Keith Rankin, trained as an economic historian, is a retired lecturer in Economics and Statistics. He lives in Auckland, New Zealand.
Former ambassador Phil Goff is the latest (so far) and (probably) the least of many ‘statesmen’ who have invoked Munich and the ‘resolute’ Winston Churchill (a backbench MP in 1938) in the cause of good-war mongering. (Refer Winston Peters sacks Phil Goff as UK High Commissioner RNZ 6 March 2025, and What Was Actually Wrong With What Phil Goff Said?, Giles Dexter, RNZ and Scoop, 7 March 2025.)

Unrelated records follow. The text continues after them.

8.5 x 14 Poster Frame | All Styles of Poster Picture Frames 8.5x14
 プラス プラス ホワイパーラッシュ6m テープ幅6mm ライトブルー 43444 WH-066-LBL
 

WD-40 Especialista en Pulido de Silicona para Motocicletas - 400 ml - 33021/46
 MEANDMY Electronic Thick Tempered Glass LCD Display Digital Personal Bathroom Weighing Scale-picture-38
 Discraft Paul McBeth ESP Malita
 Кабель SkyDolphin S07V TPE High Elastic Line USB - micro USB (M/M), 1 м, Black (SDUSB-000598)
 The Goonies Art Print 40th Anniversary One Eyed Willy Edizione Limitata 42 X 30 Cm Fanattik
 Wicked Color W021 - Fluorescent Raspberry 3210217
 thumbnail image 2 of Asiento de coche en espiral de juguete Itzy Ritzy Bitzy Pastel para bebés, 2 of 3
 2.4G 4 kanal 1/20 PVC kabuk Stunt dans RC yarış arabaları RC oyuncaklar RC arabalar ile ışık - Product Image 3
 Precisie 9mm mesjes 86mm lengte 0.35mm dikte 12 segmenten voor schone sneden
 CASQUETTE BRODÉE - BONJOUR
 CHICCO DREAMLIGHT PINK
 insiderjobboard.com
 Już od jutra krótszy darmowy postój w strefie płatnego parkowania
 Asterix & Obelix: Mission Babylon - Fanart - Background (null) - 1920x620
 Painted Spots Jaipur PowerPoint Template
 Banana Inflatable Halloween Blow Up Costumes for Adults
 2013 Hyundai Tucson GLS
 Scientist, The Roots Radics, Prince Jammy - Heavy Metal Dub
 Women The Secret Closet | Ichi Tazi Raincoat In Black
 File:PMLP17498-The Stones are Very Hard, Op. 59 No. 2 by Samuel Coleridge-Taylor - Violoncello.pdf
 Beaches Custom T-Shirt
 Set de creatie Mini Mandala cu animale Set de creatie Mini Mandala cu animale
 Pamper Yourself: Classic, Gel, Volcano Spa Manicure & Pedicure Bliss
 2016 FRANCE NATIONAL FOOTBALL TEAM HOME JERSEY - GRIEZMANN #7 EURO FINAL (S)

The Munich narrative is central to the ‘Good War’ morality trope, through which democracies (especially the United States) justified wars of aggression; what used to be called ‘gunboat-diplomacy’ in the British days of empire. It’s the now-commonplace narrative that frames any putative war to be fought by a ‘liberal democracy’ against an ‘autocracy’ (ie fought by us against them) as a contest between Good and Evil; and if we don’t “stand up to” Evil – anywhere and everywhere – then Evil goes on to ‘win’, and subsequently to dominate and exact tribute as a regional or global hegemon.
The corollary of the Munich narrative is that Good should never give up, even if Evil is winning on the battlefield; Good neither surrenders to Evil nor negotiates with Evil. Not ‘at any cost’. The logical conclusion of this is that, if that’s what it requires for Good to prevail, life on Planet Earth could be forfeit; better Dead than Red or Black. Earth’s tombstone, left for a future intergalactic explorer to discover, might read: “At Least ‘Atila the Hun’ [substitute any Eurasian ‘Devil’] Did Not Win”. Peter Hitchen (see below, p.27) notes: “one day, this dangerous fable of the glorious anti-fascist war against evil may destroy us all [through our rulers’ vanity]”.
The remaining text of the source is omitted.